Sell in May and go away !

I may sell of few equities, but not because it's May, but because they have had a nice run and I'll take some more profit out. Last year I sold enough to pay off the mortgage ($170,000) and my portfolio is still higher than it has ever been. Of course I'm still contributing to my savings, as I'm w*rking for another month.

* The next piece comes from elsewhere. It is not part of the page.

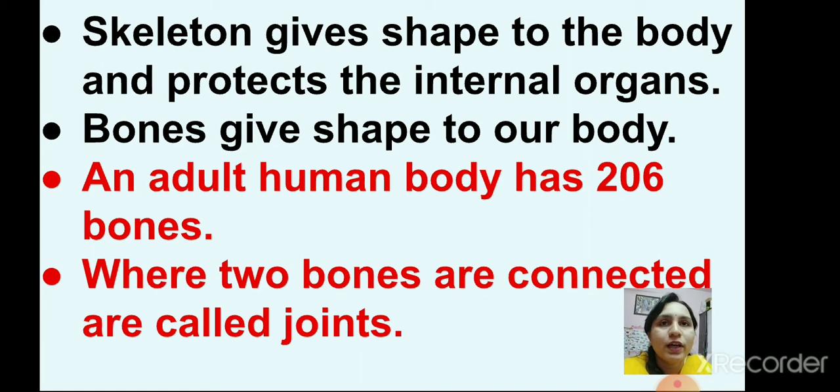An adult human body has 206 bones. Do you know, kids, when you were small babies you had more than 206 bones in your body. Where two bones are connected, they are called joints.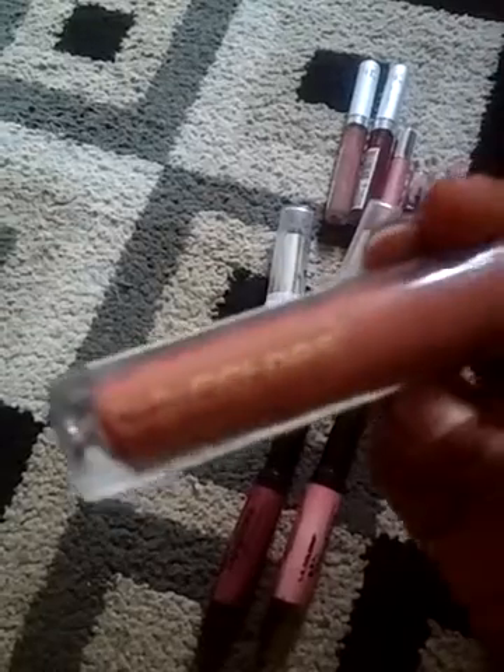One of my favorites is this one. This one is L.A. Color High Shine.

My problem will be in where to put the profit I'm taking from equities. I'll put a bit in a short/intermediate term bond fund. After that??
 
That old chestnut sure hasn't worked recently.

S&P 500
May 28, 2010 1089.41
Oct 1, 2010 1146.24
Net gain: 5.2%
 
I sat through the last down turn so I can sit through anything, I think. So I'll just sit the way I am and see what happens.
 
That old chestnut sure hasn't worked recently.

S&P 500
May 28, 2010 1089.41
Oct 1, 2010 1146.24
Net gain: 5.2%

Nice data mining. I'll try to do you one better.
VTSMX (Vanguard Total US Stock Market Index fund)
May 03, 2010 to 08/31/2010
Net gain: -12%

Of course, you missed some nice actionable downs and ups during that time period.
 
I sat through the last down turn so I can sit through anything, I think. So I'll just sit the way I am and see what happens.

+1

Besides, if I sold in May we would probably have the greatest market rally in modern times. :rolleyes:
 
I don't plan on doing any selling due to May. I have been selling this spring, but only because I am building a 3-yr cash cushion that I hope will take me through any downturns once I FIRE later this year.
 
I sold in April when I moved my 401K to Vanguard. It's almost 40% of my investments and it's sitting in a money market fund while I sit on the fence. The more bad news we get the more the market goes up. Somebody needs to make up my mind, cause I don't know what to do.
 
I sold in April when I moved my 401K to Vanguard. It's almost 40% of my investments and it's sitting in a money market fund while I sit on the fence. The more bad news we get the more the market goes up. Somebody needs to make up my mind, cause I don't know what to do.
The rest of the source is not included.